Volna Failure Review Board Reports on Loss of Cosmos 1

The Volna Failure Review Board convened by the Makeev Rocket Design Bureau, manufacturers of the Volna launch vehicle, has made its final report to the Russian space agency, Roskosmos, concerning the attempted June 21 launch of our Cosmos 1 spacecraft. They concluded that the telemetry data from the launch vehicle was sufficient to determine that the launch failed due to an premature shut-down of the first-stage engine caused by a “critical degradation in operational capability of the engine turbo-pump.”

The engine shut down after firing for 82.86 seconds, instead of the expected burn of approximately 100 seconds. The Failure Review Board concluded also that the first and second stages never separated and, as a result, the spacecraft propulsion system did not fire, and the spacecraft did not separate from the third stage. They stated that the launch vehicle’s on-board control system automatically aborted the mission 160 seconds into the flight. They did not describe any telemetry data to support the conclusion that the rocket’s stages never separated.

The review board included members from Makeev, the Lavochkin Association (which built Cosmos 1) and Tsniimash, a lead engineering center of the Russian space agency. No one involved with spacecraft tracking or on-board electronics participated in the analysis, and the board did not review or consider the data received at the Kamchatka portable tracking station that some of the team think might have come from the spacecraft.

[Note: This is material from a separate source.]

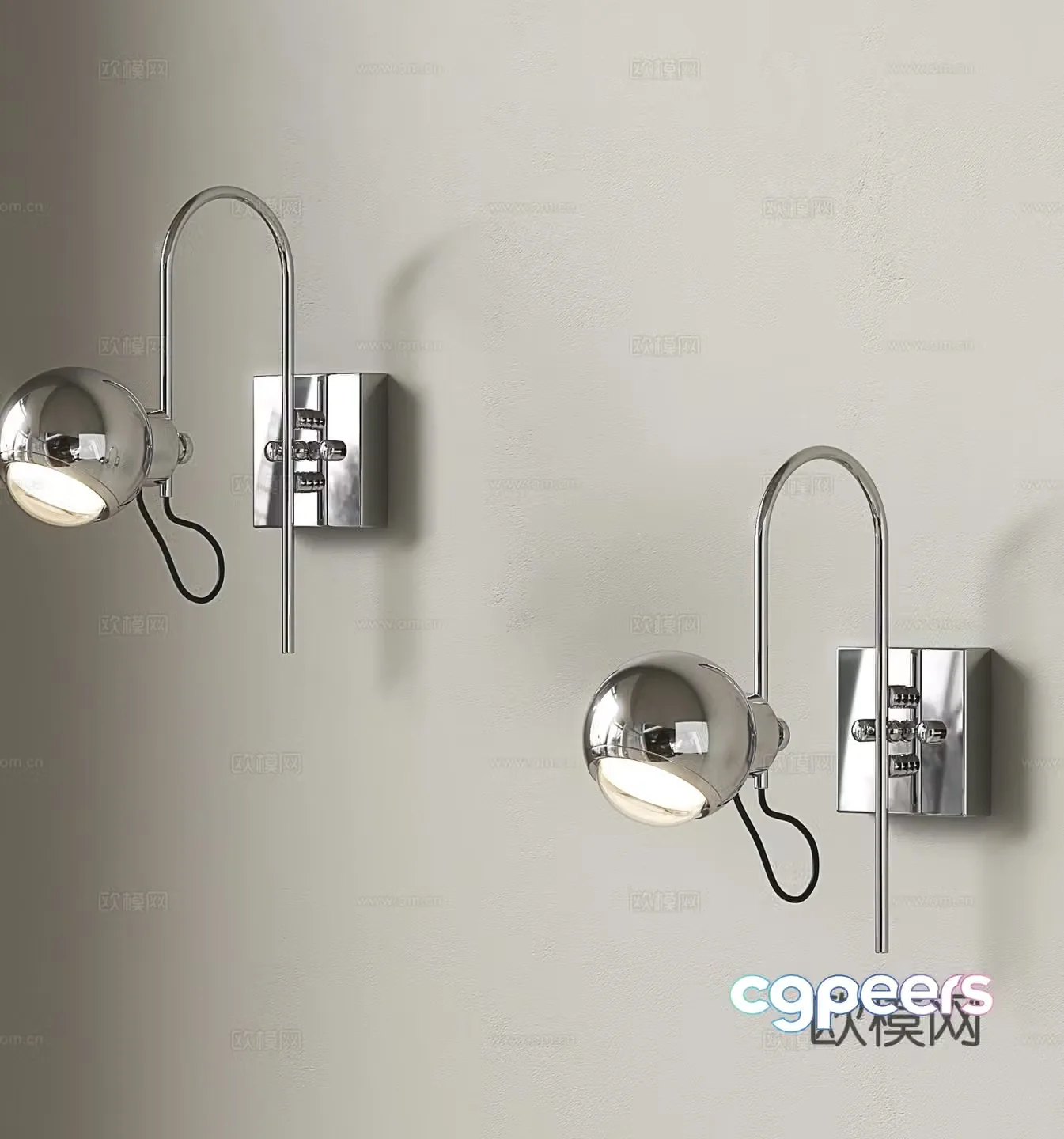 Medieval wall lamp retro wall lamp 3d model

That would only have been possible if the spacecraft had separated from the rocket and its orbit insertion motor had fired.

The team from the Space Research Institute and The Planetary Society analyzing the tracking data has now ruled out the possibility that any signals received at the Panska Ves station in the Czech Republic came from the spacecraft. The signal received at the Majuro portable station in the Marshall Islands is also unlikely to have come from the spacecraft. But the Kamchatka data looks very much consistent with having come from Cosmos 1.

The Planetary Society was not invited to be part of the failure review. We did receive a warning from the U.S. State Department reminding us that, under International Arms Traffic Regulations (ITAR), we are not allowed to participate in a launch failure review without their approval. . But even before the failure review, there was a serious lack of communication and coordination with the project and launch vehicle teams.

The Society is considering its next steps in planning how we will try again. We need additional data before we can reach an independent conclusion about whether or not the Volna’s stages separated and the spacecraft’s orbit insertion motor fired. With that information, we will be better able to chart our course for the next flight of a solar sail.